Discussions about HPLC, CE, TLC, SFC, and other "liquid phase" separation techniques.

4 posts Page 1 of 1
Hi all!
A newbie but important question for.
For a purity method on meds, if the detector used to measure peaks is satured for the main peak at a define wavelength, can we use another wavelength where the response is lower without changing concentration to evaluate the whole profile?
In a general way, for a impurtity HPLC method, does the concentration be adjusted to avoid detector saturation at any wavelength, or can we adjust the concentration at a define wavelenght without taking care about the others wavelengths?
As said above, a newbie question... :lol:

Best regards

If you are "off-scale" good practice is to dilute and re-inject.

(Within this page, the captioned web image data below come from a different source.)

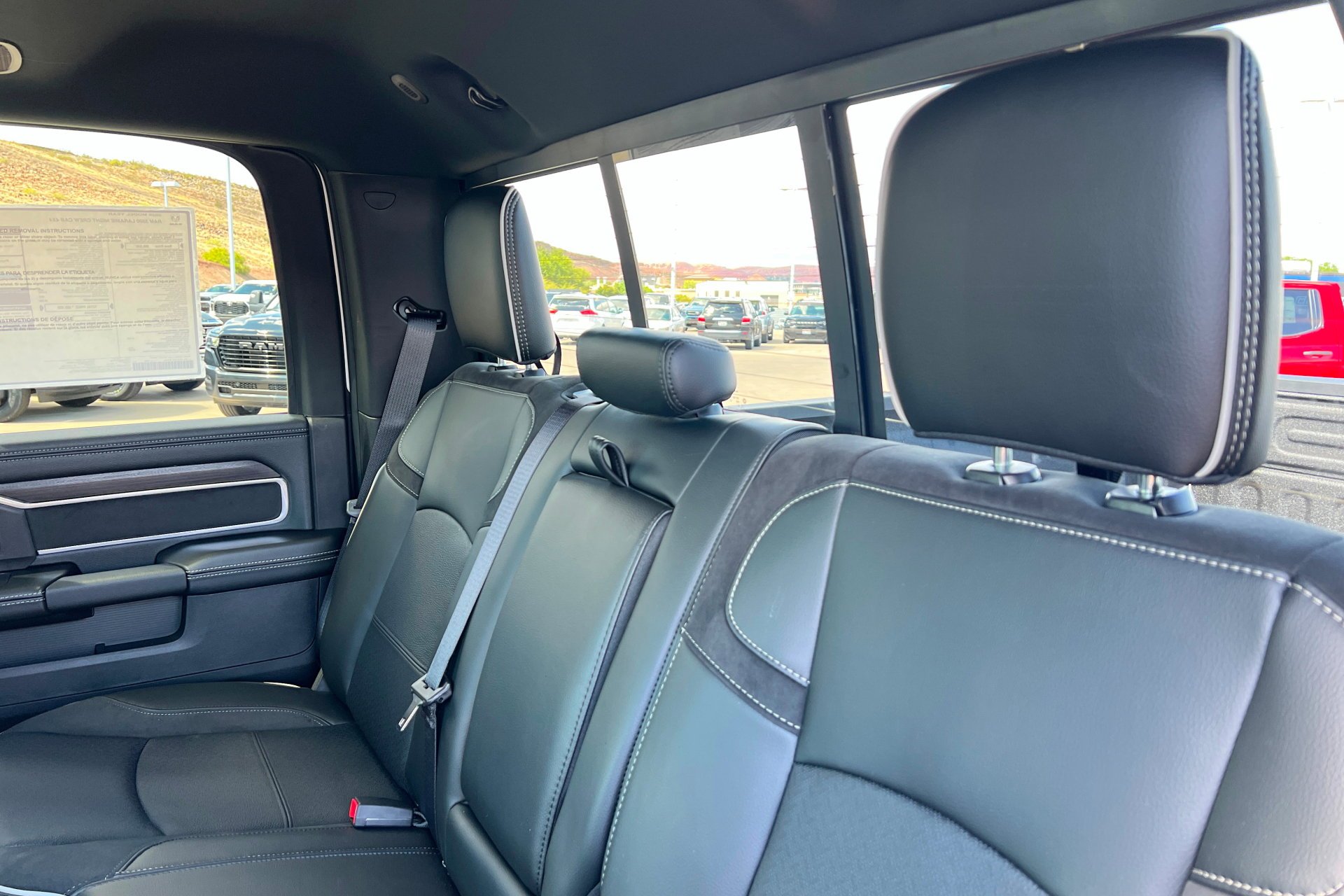 New 2026 Bright White Clear-Coat Exterior Paint RAM Laramie image 21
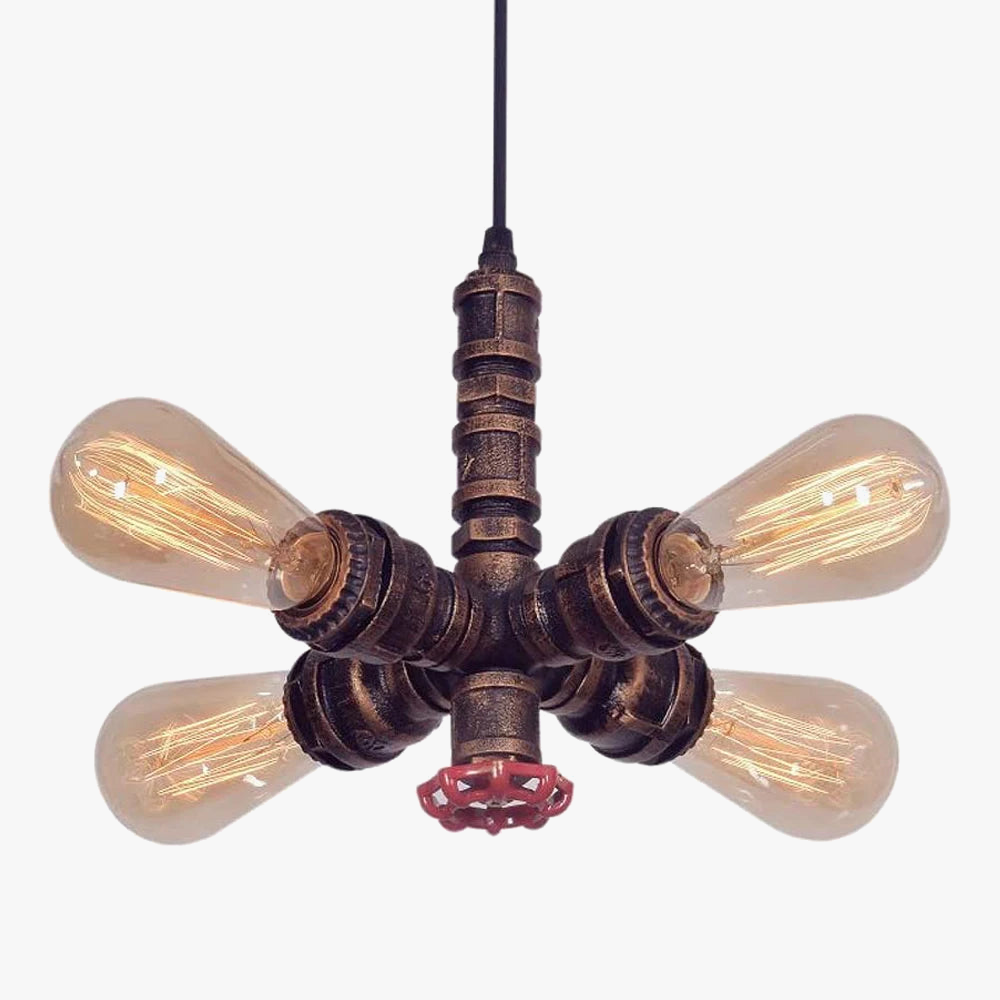 Vintage loftlampe i industrielt metal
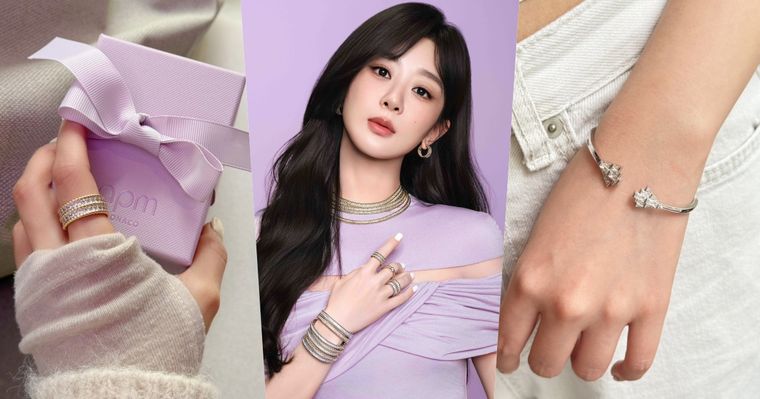 APM新品美的太誇張！薰衣草紫小戒指、銀白交織項鍊...戴上穿搭瞬間高級感滿滿！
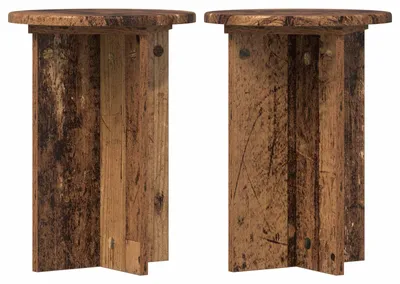 Obrázek produktu pro vidaXL Stojany na rostliny, 2 kusy, masivní dřevo, průměr 29,5 x 40 cm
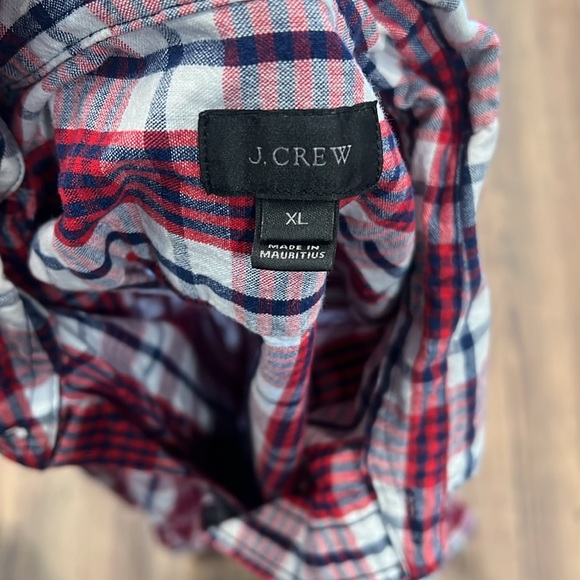 J.Crew, red white and blue button down shirt - Picture 4 of 5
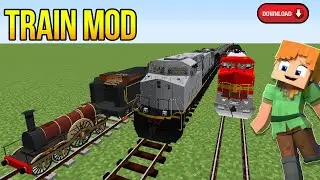Indain Train Mod Minecraft | Train Mod DOWNLOAD | Minecraft Mods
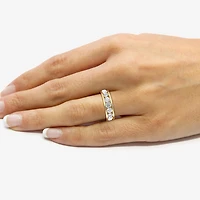 (F / Si1-Si2) Womens 4.5MM 3 CT. T.W. Lab Grown White Diamond Sterling Silver Wedding Band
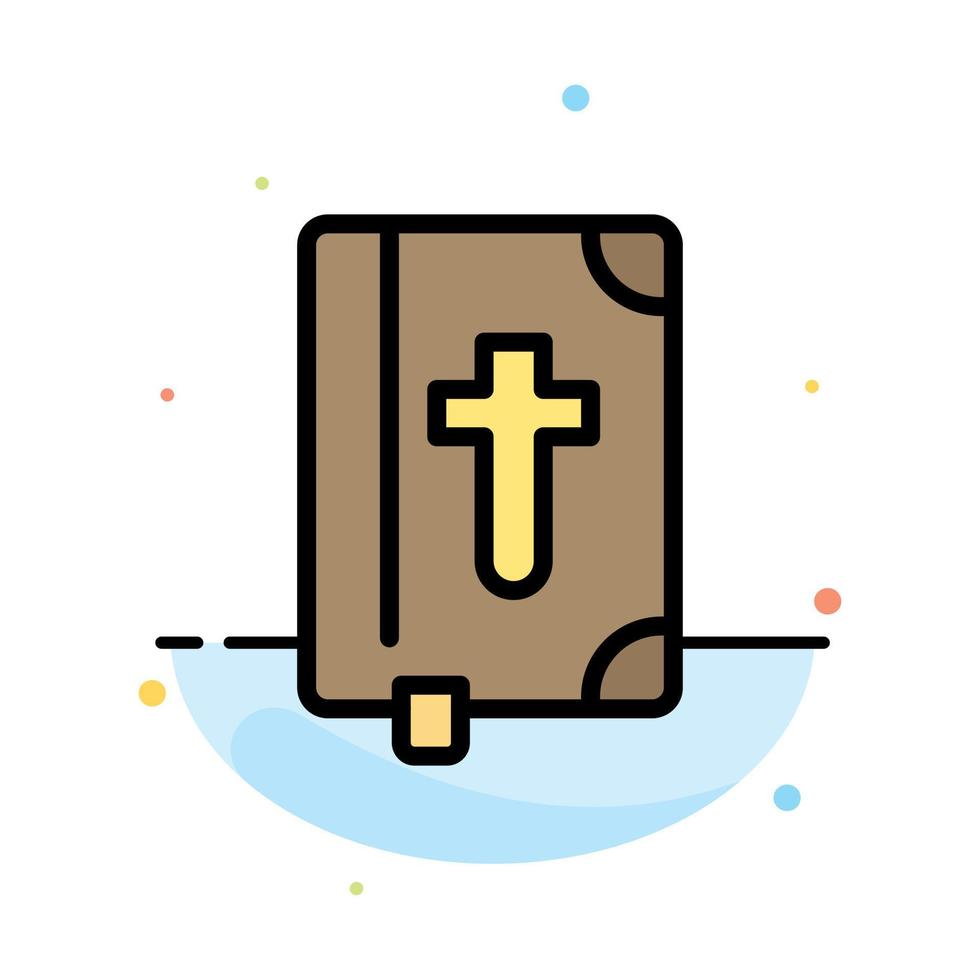 libro biblia pascua vacaciones abstracto color plano icono plantilla vector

In most cases, the "defined wavelength" will represent an absorbance maximum for your compound of interest. In effect, you are measuring on top of a "hill" in the spectrum, and small errors in wavelength (or shift in the spectrum) will have relatively little effect on the signal. If you try to measure on a "slope", then small errors can generate big errors in your results.

If your compound has several peaks in it's absorbance spectrum, then you could shift to a different wavelength (on one of the other "hills"), but you would have to run a calibration curve at that wavelenth, which strikes me as more work than diluting and re-injecting a single sample.
-- Tom Jupille
LC Resources / Separation Science Associates
tjupille@lcresources.com
+ 1 (925) 297-5374

Also, unless your specific absorption is extremely high (at the wavelength causing saturation) you may have an interaction of the analyte such that the linear relationship between absorption and concentration doesn´t hold (at any wavelength). Go with Tom and dilute.

you say that your aim is to do a purity method.
if i understand correctly then in effect you are looking at the smaller impurity peaks in the chromatogram, not the main peak.

if this is the case then depending on your specifications and the chromophores of your impurities it is possible that you cannot move to another maxima region or dilute since you will get less signal for the small peaks, which have a lower concentration. anyway it is common that the main peak be overloaded in such methods in order to be able to see the impurities

doing a combined assay and impurity test because of these is many times hard since you either overload the main peak or bring the impurities below QL. in any case in combined tests such as these you still need most of the times 2 calibration curves especially if the specs for your impurities are way low. one for the assay of the main compound one for the impurities.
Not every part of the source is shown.